Exchange Traded Funds – ETF

These are basically just the same as tracker funds, only with one key difference. They are actually quoted as shares; this means you can actually buy and sell ETFs on the stock market and benefit from ‘real-time’ pricing. They are a very cost-effective way of gaining exposure to various stock markets as you are effectively buying into one or more ‘tracker’ funds. A fly in the ointment is that you often have to pay an extra charge to hold these within an ISA. Barclays Bank is currently the undisputed market leader in these financial instruments, offering by far the biggest range of ETFs that cover several worldwide indices via its iShare range. Check out its website: www.iShares.net (see Diversification, Index, Individual Savings Account – ISA, Real-Time, Tracker Funds).


When you buy shares that have gone ‘ex-dividend’ you are not entitled to receive the forthcoming dividend payment that the company is about to make.

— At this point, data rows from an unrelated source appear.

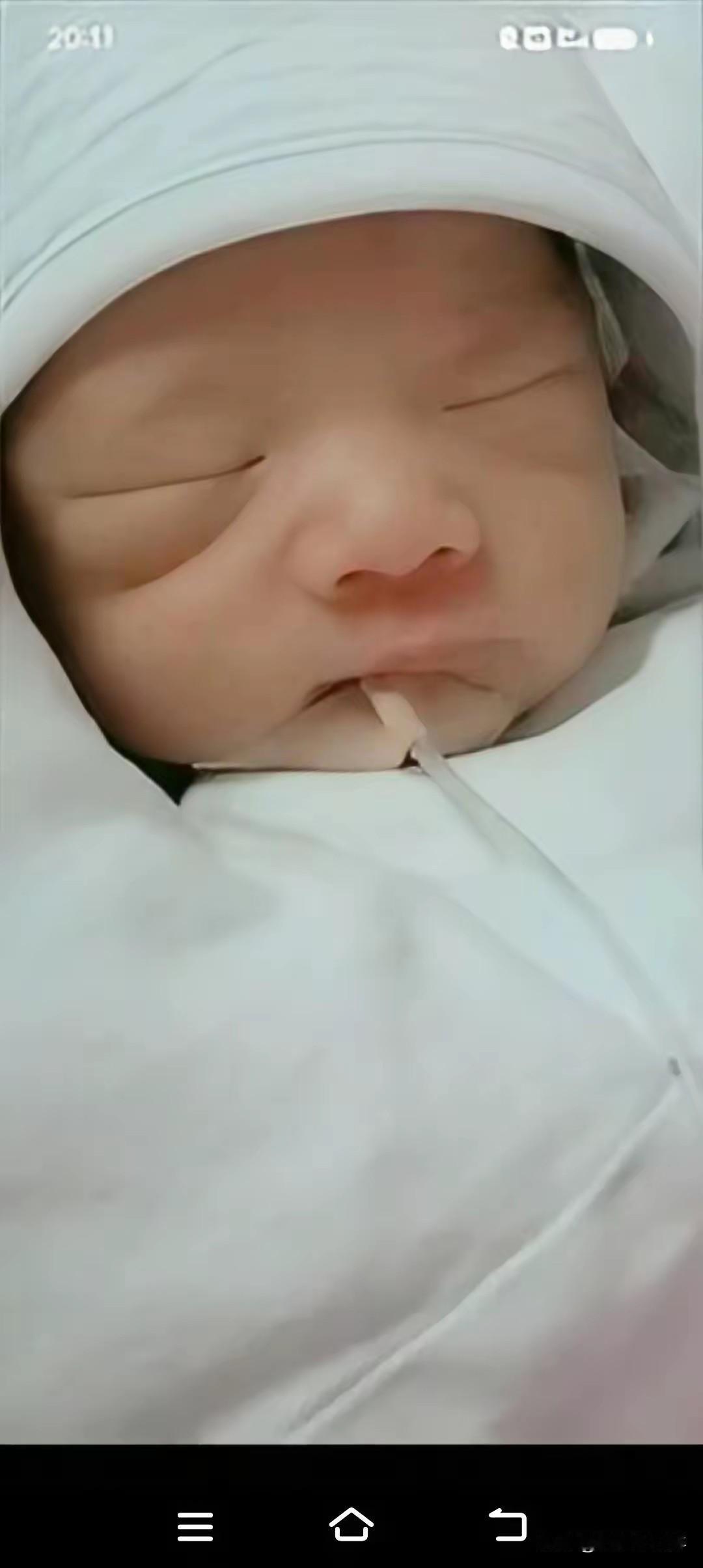 泪目！河南郑州，产房里一个刚出生三天的小男婴不睁眼，不哭不闹，只睡，家里人起先当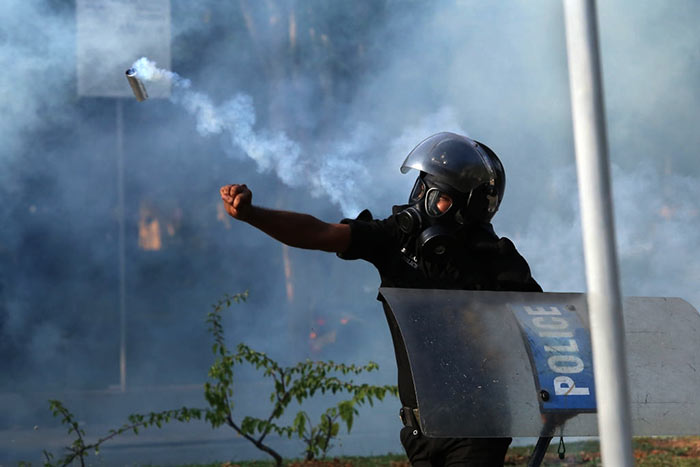 රඹුක්කන පොලිසිය උද්ඝෝෂකයින්ට වෙඩි තබා එක් අයෙක් මරුට , දෝලාහකගේ තත්වය බරපතළයි .
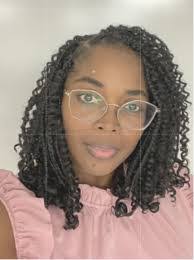 Mallie Lawrence's Instagram, Twitter & Facebook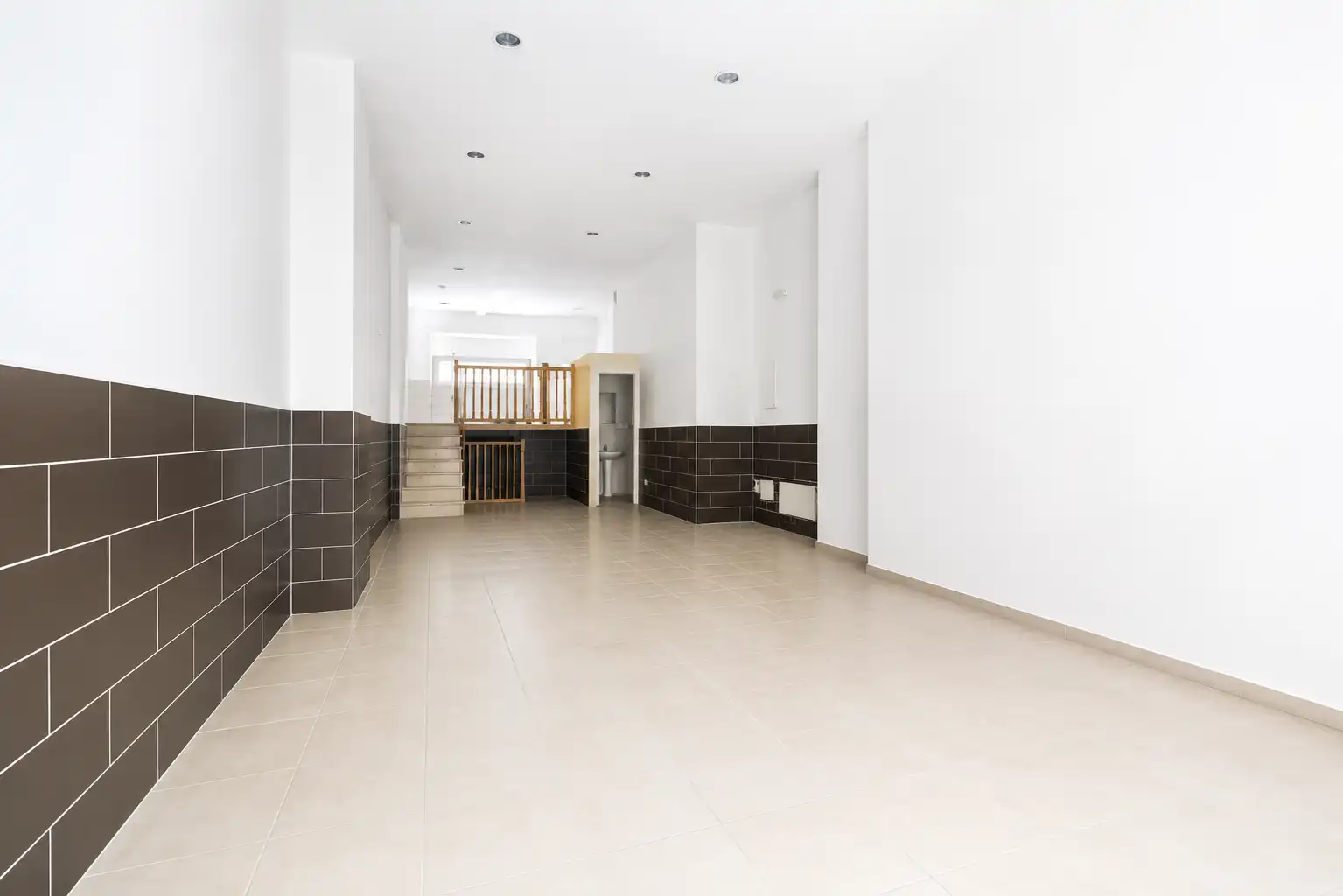 Local comercial de lloguer a Torroella de Montgrí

The financial press symbolize the term as ‘xd’ and it is found next to the printed share price details (see Cum-Dividend).

Execution Only

Sounds a bit violent, but it isn’t! This is basically for those of you who know exactly which shares you want to buy or sell, and for how much. You ring up your stockbroker or just go on to the internet and say, ‘Hi, I’m John Smith and I’d like to sell 1,000 HBOS shares at a limit of £10. Thank you very much.’ And guess what? The broker goes ahead and executes the deal at the price you requested. If he can’t do so, he’ll get back to you and let you know, so you can alter your limit if necessary. The key is that you are in charge with this type of stockbroking service, not the broker. I like to deal in shares this way. Obviously, the less initiated will probably want advice (see Adviser – Dealing Service, Portfolio Management).

Exercise Price

Also called the strike price. In the finance world, buying an option means buying the right to buy or sell an asset at a fixed price at some point in the future. At the time of the option’s purchase, the price you fix to buy or sell that asset for in the future is its ‘exercise’ or ‘strike’ price (see Derivatives – Options).


When companies need to raise more cash they can borrow money. A popular alternative is to offer investors extra shares that they can buy at a discounted price. This is called a rights issue. When this happens, obviously the original shares continue to be traded on the stock market. They usually drop in value to reflect the imminent arrival of more shares on the market, which have been sold at a lower value. Anyone who subsequently buys the shares ‘ex-rights’ will not be entitled to the discounted offer. It is only when the shares are sold ‘cum-rights’ that the new investor can take up his or her entitlement to the extra discounted shares. The financial press symbolize ex-rights as ‘xr’ and it’s found next to the printed share price details (see Cum-Rights, Rights Issue).

Extraordinary General Meeting – EGM

When a company holds a meeting for its shareholders other than its regular, once a year Annual General Meeting (AGM) it is called an Extraordinary General Meeting or EGM. The meeting might be called because they’re planning on making a big acquisition, or are themselves the target of another company. The company must consult its shareholders before deciding what to do. Shareholders vote at the meeting or in advance on a proxy form if they cannot attend (see Annual General Meeting, Proxy).

Extraordinary Profit/Loss

Like exceptional profit/loss, this pops up in a company’s profit and loss account. However, it is different from an ‘exceptional’ item in that it is a one-off (usually large) profit or loss made by a company, which has not been incurred as part of its day-to-day activities. An example might be selling a subsidiary at a large profit. It is shown before the tax line, but after the ‘operating profit’ because it doesn’t derive from the company’s operations (see Accounts, Exceptional Profit/Loss).